Packing the court strikes out independent judiciary

Former President Franklin Delano Roosevelt used his bully pulpit to try to pack the Supreme Court. He struck out, and in the 1938 midterm elections, his party lost 72 seats in the House of Representatives and seven seats in the Senate. As they say, history repeats itself.

Perhaps that’s why Speaker Nancy Pelosi poured cold water on the partisan bill introduced this week by House Judiciary Chairman Jerry Nadler. When asked about the court-packing bill, Pelosi said, “I don’t know that it’s a good idea or a bad idea.”

President Joe Biden knows.

In 1983, then-Sen. Biden called FDR’s court-packing effort “a bonehead idea.” I agree with the 46th president. It is a bonehead idea to pack the court. It’s a pure power grab that would incinerate public trust in our institutions of government.

Having served on the Senate Judiciary Committee since 1981 and as chairman for four of those years, I’ve spent decades in the trenches of judicial-confirmation warfare. I’ve participated in 16 Supreme Court confirmations and more than a thousand more to fill vacancies in the nation’s lower courts.
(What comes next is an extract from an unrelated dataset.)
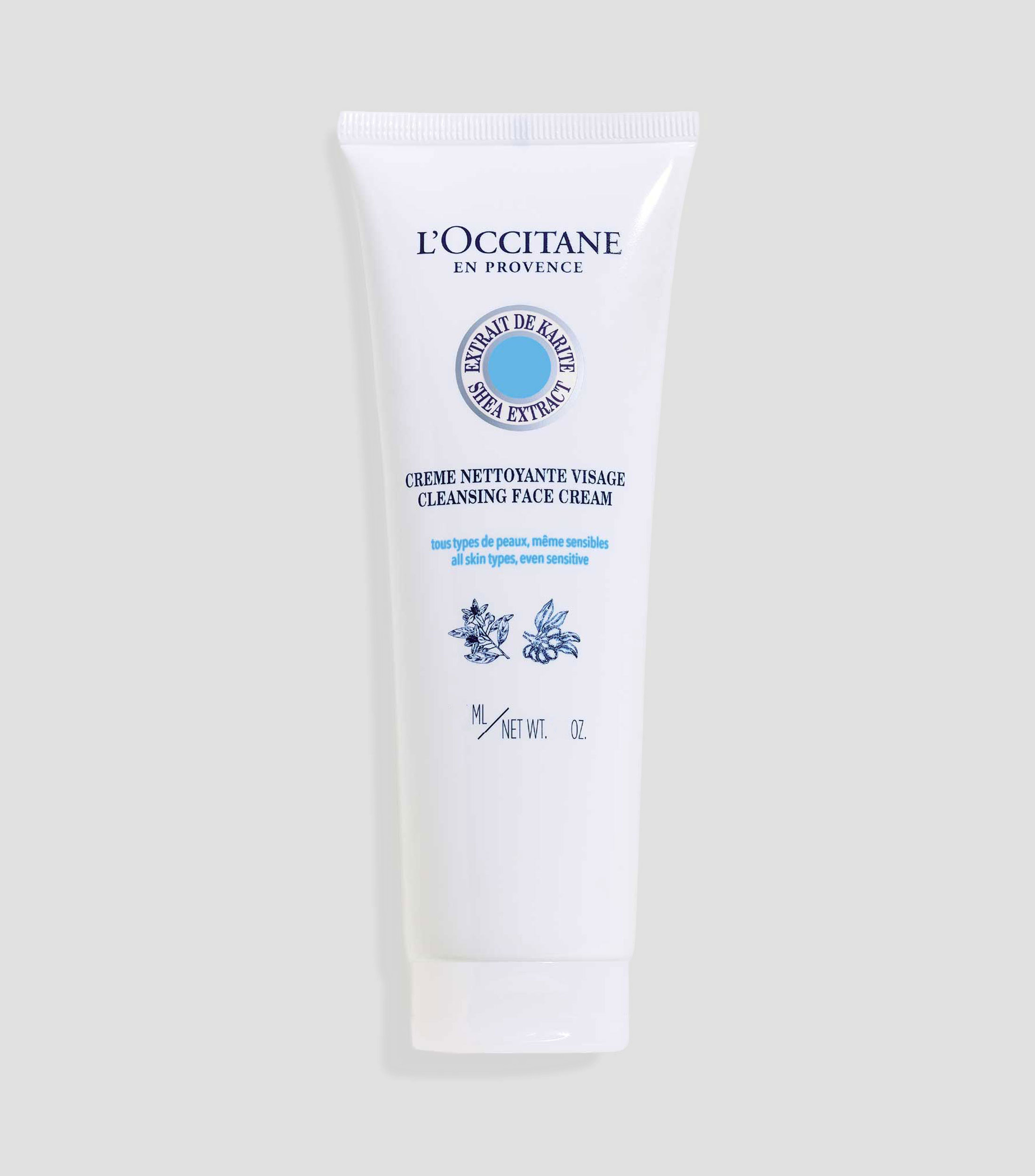 Crema Limpiadora Karite 125 ml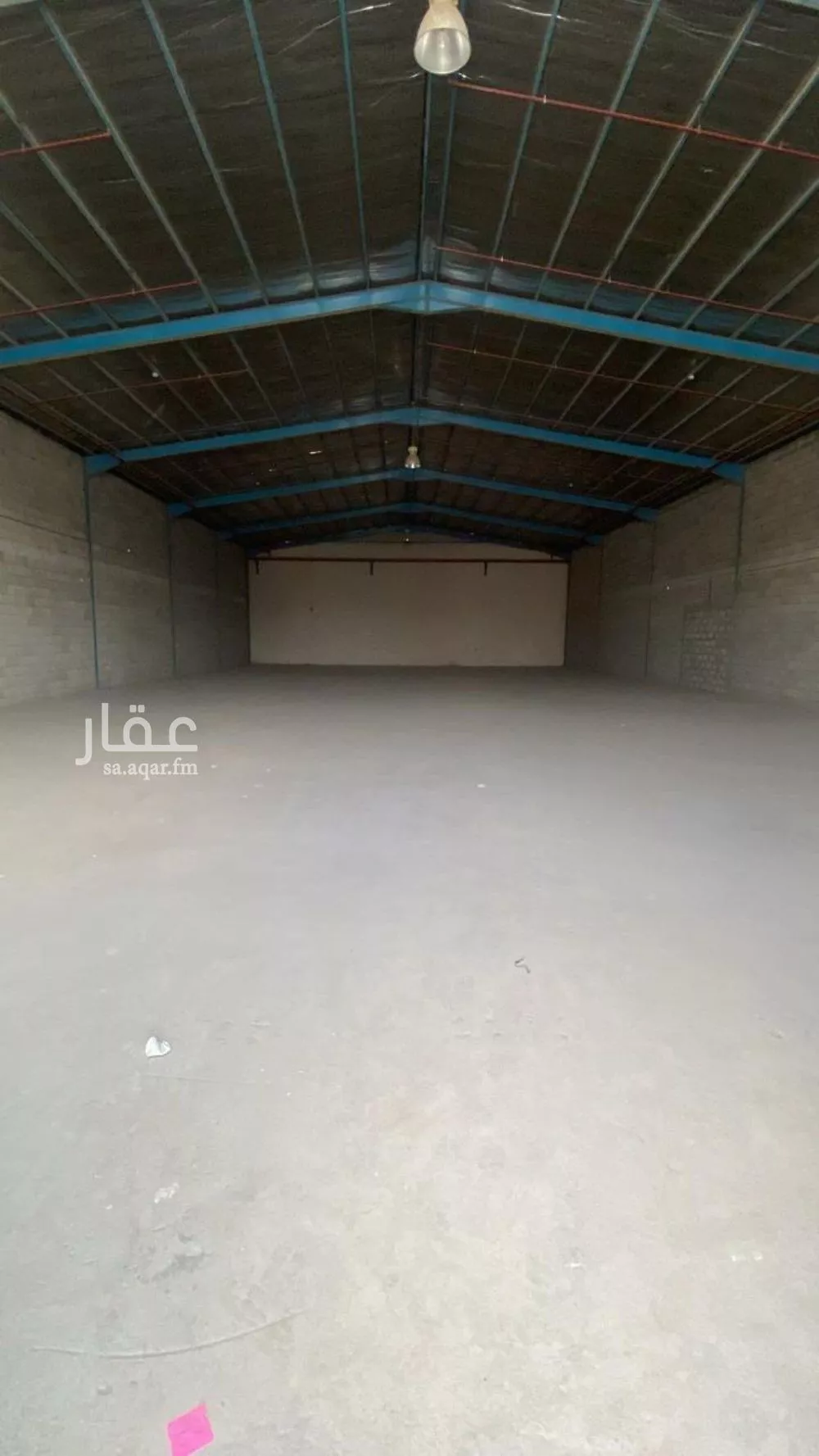 مستودع 1664 م² في المشاعل 3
Advice and consent by the Senate to serve lifetime appointments in the federal judiciary give the people a constitutional check on those selected to interpret the law of the land. Doing so while respecting the independence of the federal judiciary helps preserve public confidence in our institutions of government. The Supreme Court is the final word on matters affecting the lives and livelihoods of people, from healthcare to taxes, abortion, gun control, privacy, and voting laws.

Unfortunately, bare-knuckle politics took over the confirmation process in 1987, when partisans succeeded in sabotaging Judge Robert Bork’s nomination with a well-orchestrated slander campaign against him. Since then, “Borking” a nominee made its way into the political playbook. Four years later, people watched confirmation proceedings turn into daytime soap operas. Then-Judge Clarence Thomas unflinchingly defended his reputation, calling allegations made against him a “high-tech lynching.”

More recently, Senate confirmation hearings for Justice Brett Kavanaugh devolved into an unprecedented attempted character assassination of a nominee to the high court. As then-chairman of the Senate Judiciary Committee, I refused to cave to the mob and carried out the committee’s responsibilities to vet the nominee thoroughly and fairly for a consequential lifetime appointment.